■ **RAW DATA**
- Opening Delimiter -

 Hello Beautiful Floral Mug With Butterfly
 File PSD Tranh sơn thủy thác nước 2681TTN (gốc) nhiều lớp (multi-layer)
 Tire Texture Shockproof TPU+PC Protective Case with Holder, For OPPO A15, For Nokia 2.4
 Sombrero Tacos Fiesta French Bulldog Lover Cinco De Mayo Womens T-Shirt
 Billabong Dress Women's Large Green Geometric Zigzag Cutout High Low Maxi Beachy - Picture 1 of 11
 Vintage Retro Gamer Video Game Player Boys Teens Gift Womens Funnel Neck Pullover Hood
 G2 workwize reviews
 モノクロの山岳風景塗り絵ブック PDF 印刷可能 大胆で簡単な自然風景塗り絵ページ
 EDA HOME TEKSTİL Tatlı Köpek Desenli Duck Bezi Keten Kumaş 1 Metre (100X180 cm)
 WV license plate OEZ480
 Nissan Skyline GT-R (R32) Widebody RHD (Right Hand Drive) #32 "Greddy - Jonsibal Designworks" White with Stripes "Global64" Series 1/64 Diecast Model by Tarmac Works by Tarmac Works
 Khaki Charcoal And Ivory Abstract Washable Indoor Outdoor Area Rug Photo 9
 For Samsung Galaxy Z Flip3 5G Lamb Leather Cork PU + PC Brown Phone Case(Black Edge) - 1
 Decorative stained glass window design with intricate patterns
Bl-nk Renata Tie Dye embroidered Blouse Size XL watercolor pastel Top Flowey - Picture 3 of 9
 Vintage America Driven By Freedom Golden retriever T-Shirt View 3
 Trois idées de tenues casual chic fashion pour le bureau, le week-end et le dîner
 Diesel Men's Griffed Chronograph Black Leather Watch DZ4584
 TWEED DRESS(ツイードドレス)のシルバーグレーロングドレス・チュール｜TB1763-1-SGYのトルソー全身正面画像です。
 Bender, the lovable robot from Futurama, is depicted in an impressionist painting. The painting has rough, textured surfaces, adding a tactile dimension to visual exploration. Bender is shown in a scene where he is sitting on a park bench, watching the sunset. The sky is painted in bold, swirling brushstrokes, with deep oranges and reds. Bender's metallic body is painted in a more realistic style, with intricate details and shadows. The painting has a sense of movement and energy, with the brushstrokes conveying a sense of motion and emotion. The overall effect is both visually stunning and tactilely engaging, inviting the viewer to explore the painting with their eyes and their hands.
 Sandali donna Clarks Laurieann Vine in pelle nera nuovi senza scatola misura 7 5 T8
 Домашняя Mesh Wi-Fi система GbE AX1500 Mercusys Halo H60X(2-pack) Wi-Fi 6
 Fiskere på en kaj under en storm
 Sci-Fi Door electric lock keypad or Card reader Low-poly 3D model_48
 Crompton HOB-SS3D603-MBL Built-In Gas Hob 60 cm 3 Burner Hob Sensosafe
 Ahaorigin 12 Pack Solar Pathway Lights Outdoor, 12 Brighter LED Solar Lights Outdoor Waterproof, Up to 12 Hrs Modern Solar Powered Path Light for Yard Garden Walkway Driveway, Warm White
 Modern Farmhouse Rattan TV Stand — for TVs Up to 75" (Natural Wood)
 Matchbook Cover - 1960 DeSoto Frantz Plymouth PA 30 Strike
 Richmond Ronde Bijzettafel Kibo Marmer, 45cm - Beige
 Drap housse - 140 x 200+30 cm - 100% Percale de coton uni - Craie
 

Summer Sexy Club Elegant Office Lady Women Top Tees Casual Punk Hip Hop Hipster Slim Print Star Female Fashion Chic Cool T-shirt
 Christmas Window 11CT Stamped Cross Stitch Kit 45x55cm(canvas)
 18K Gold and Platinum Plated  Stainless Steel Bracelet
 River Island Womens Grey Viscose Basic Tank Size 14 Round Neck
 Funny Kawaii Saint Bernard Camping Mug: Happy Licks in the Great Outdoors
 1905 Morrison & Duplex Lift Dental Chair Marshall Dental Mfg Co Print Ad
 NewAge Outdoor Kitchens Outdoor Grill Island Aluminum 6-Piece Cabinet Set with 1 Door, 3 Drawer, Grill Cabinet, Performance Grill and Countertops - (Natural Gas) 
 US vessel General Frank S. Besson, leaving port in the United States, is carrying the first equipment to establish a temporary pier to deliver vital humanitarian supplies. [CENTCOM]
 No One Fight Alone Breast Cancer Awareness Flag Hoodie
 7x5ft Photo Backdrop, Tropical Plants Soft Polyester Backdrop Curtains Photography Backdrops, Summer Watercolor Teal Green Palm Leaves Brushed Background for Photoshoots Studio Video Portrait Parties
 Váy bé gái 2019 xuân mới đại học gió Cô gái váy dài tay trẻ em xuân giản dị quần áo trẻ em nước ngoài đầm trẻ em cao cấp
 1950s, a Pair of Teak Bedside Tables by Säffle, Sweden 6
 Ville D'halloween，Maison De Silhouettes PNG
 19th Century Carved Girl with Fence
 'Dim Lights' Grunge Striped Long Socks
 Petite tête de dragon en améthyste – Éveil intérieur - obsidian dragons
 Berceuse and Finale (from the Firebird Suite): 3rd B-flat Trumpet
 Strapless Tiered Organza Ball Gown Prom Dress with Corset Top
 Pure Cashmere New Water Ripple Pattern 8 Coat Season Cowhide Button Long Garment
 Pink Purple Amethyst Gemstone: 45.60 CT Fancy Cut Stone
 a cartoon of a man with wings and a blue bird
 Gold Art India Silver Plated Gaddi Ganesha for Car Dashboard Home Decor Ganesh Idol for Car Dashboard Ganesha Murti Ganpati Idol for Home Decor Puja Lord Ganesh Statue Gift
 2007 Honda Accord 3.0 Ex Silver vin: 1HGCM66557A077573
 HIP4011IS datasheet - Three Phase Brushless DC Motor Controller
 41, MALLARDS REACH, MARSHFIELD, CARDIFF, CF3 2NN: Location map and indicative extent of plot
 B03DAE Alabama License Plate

- Closing Delimiter -

Take every line from the listing above that includes the word "Modern" and copy it.

 Ahaorigin 12 Pack Solar Pathway Lights Outdoor, 12 Brighter LED Solar Lights Outdoor Waterproof, Up to 12 Hrs Modern Solar Powered Path Light for Yard Garden Walkway Driveway, Warm White
 Modern Farmhouse Rattan TV Stand — for TVs Up to 75" (Natural Wood)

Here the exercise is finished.